What is needed:
Print only the lines below from the one with "عملية توليد على" to the one with "בית מלון כפרי Merdeka", both included, exactly as they stand. Leave pictures out.

Information shown:
━━━━━━
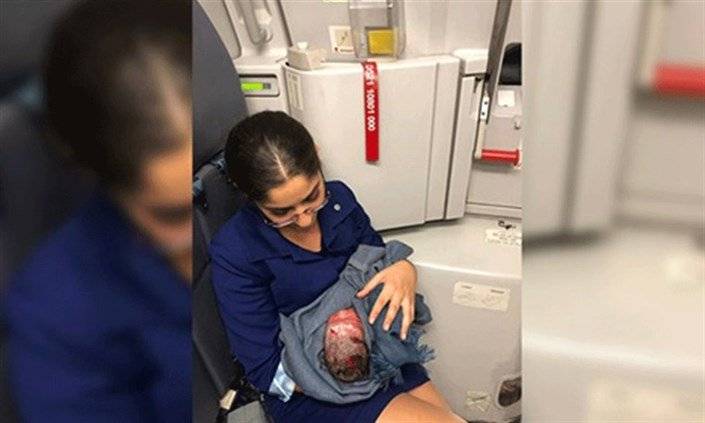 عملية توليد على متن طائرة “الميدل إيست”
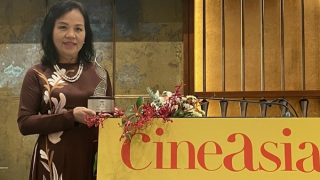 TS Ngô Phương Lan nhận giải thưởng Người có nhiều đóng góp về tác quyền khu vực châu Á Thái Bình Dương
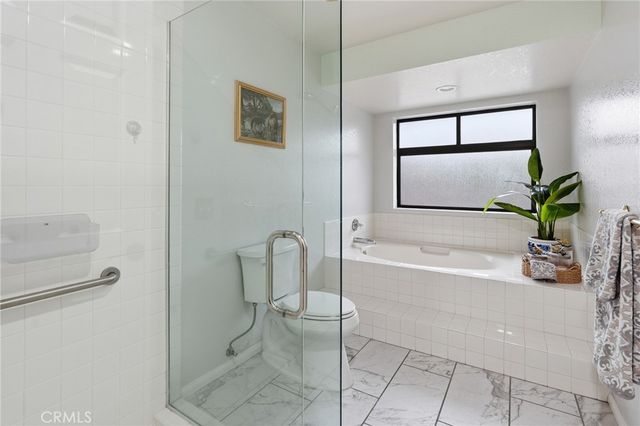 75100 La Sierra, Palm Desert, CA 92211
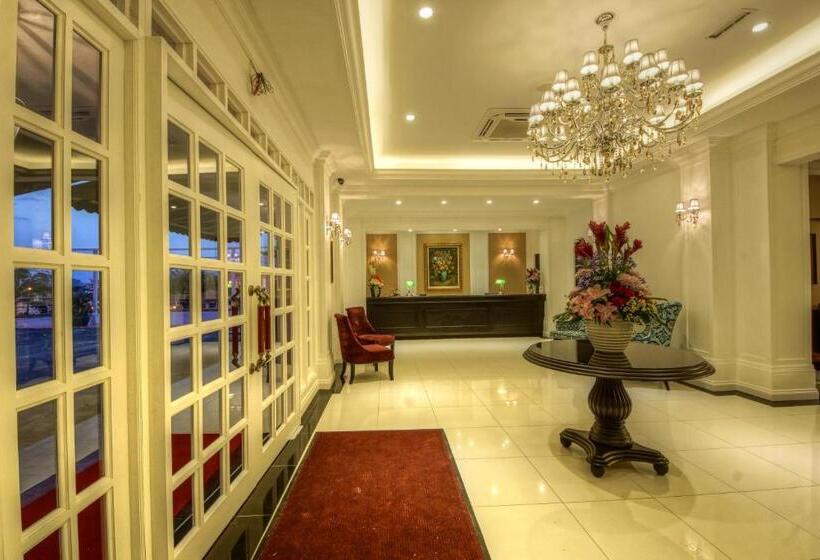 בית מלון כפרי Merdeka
━━━━━━
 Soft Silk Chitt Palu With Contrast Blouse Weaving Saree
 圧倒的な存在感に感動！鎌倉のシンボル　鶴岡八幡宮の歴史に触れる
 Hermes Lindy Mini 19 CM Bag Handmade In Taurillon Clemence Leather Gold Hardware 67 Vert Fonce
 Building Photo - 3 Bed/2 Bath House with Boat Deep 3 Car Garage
━━━━━━
Solution for this exercise:
 عملية توليد على متن طائرة “الميدل إيست”
 TS Ngô Phương Lan nhận giải thưởng Người có nhiều đóng góp về tác quyền khu vực châu Á Thái Bình Dương
 75100 La Sierra, Palm Desert, CA 92211
 בית מלון כפרי Merdeka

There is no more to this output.